OK, here's another attempt.  Working backwards from unstructured fields:

comments         =   "Comments" ":" unstructured CRLF
obs-comments     =   "Comments" *WSP ":" [FWS] obs-unstructured CRLF
etc.

N.B. no [FWS] after the colon in the non-obs fields (an unstructured
field cannot be allowed to end with FWS (which it would do if the
"unstructured" production is empty) using non-obs rules, since that
would leave CRLF 1*WS CRLF, i.e. a whitespace only "continuation"
line at the end of the field, which is prohibited by sect. 3.2.3.).
Per contra, that must be permitted in the obs- unstructured fields.
That is why separate unstructured and obs-unstructured productions
are required.

"unstructured" must therefore permit beginning with FWS, but only
if there is content after the FWS. It must permit an empty instance
so that the unstructured field body may be empty.  Since there is
[FWS] in the obs- unstructured fields, and we don't want an explicit
case of two adjacent instances of FWS (CRLF 1*WSP CRLF being provided
for by obs-FWS), a separate obs-unstructured is required, and it must
NOT begin with FWS, but may end with FWS.

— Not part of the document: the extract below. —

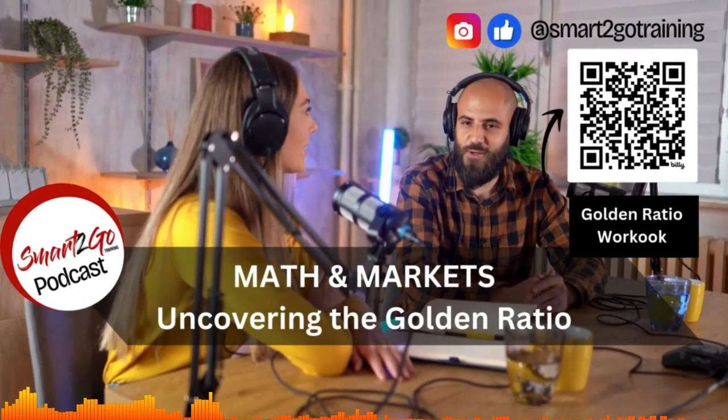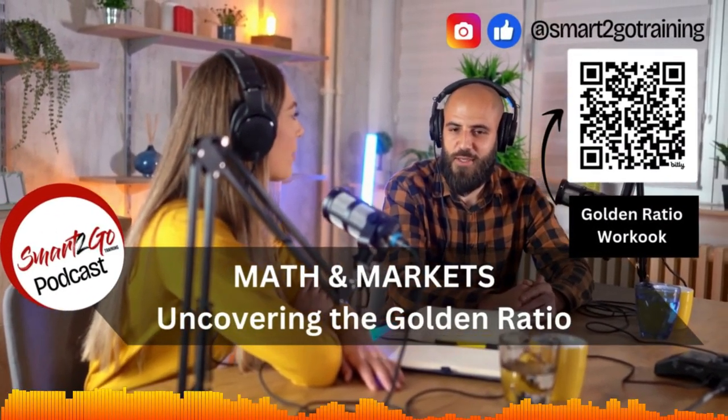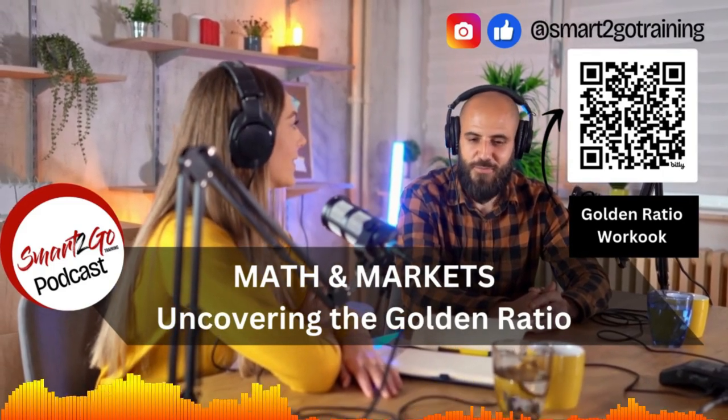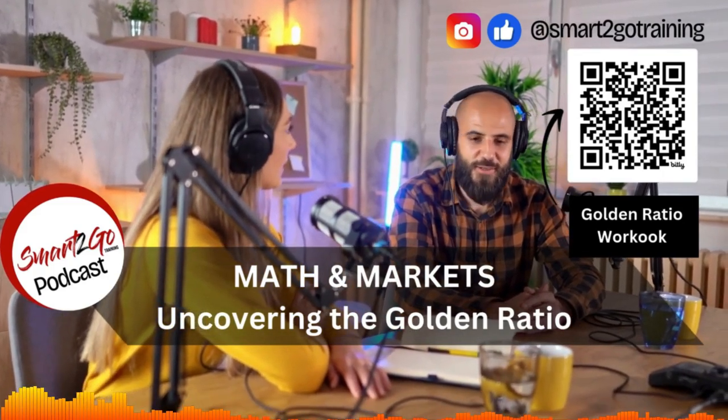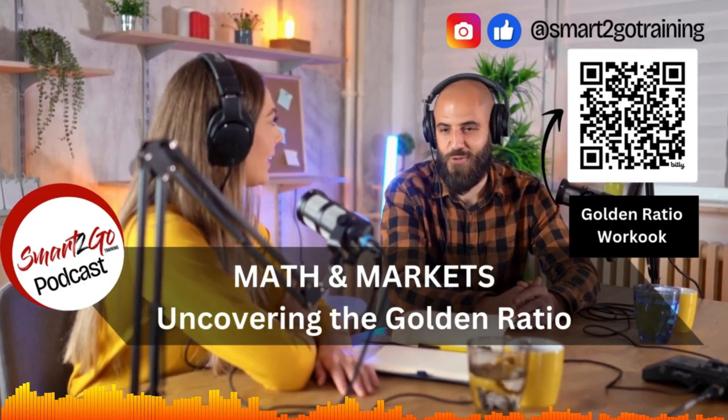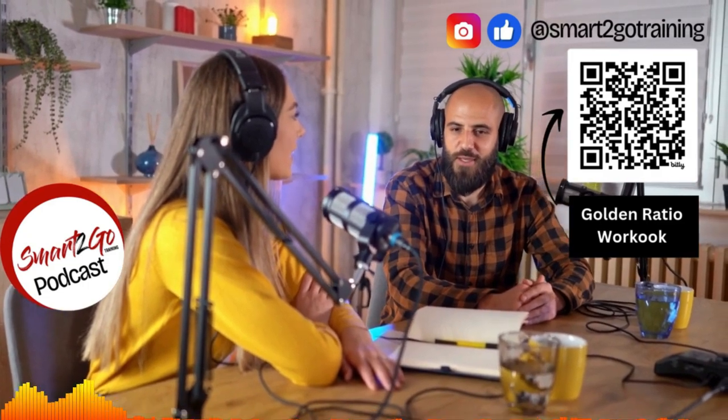Hey everyone, ready to dive into something kind of wild. We're tackling how math might actually help predict the stock market. Today we're going deep on squaring the range — math and markets. We'll break it down so it's clear even if you're not a numbers person.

unstructured     =   [utext] *(FWS utext)

That doesn't group FWS with a token to its left. It could be rewritten
to do so for the repetition, but would still need provision for leading
FWS (as noted above):

unstructured     =   [[FWS] *(utext FWS) utext]

obs-unstructured =   *(utext FWS) [utext]

To avoid multiple adjacent FWS, and to avoid ending with FWS as mentioned
above, utext must be non-empty. Because any two instances of utext must
be separated by FWS, utext may begin with LF and/or end with CR with no
danger of an unintended CRLF followed by non-WSP appearing. utext must
permit any non-zero number of characters, with any sequence except CRLF
(Charles, you may suggest a different name if you like, but I'll use utext
for consistency with 2822). The obs- form of utext must permit any
US-ASCII octet.  obs-char includes all octets except LF and CR.  So, it's
not too difficult to come up with a definition of utext given those
characteristics and constraints:

utext            =  1*text / obs-utext
obs-utext        =  (CR / 1*(LF / (*CR 1*obs-char))) *CR

text will be as in 2822 except obs-char instead of obs-text, and
with the comment noting exclusion of NUL from non-obs text.  There
is no need for an obs-text production (obs-char could be renamed).

Going back over the required characteristics:
utext must be non-empty. Check.
utext must permit any nonzero number of characters in any sequence
  except CRLF. The first octet can be CR, LF, or obs-char (that's
  every possibility).  The last octet can be CR, LF, or obs-char. In
  between, one can have any number of obs-char, any number of LF, and
  any number of CR provided the last CR is followed by something other
  than LF (i.e. it must be followed by at least one obs-char).  Check.
the non-obs- variety of utext consists of one or more text characters
  (excluding obs-char), which allows any octet except CR, LF, and NUL.
  Seems OK to me.
the "unstructured" production can be empty or can begin with utext or FWS.
  If it is not empty (e.g. if it begins with FWS), it must have some utext.
  Any utext may be followed by FWS and more utext. And so on, ending with
  utext (unless of course unstructured is completely empty).
obs-unstructured can be empty or it can begin with utext. If there is
  additional utext, there must be FWS between the utext instances. It
  may end with FWS or with utext. It cannot begin with FWS.

Can anybody see any problems with that?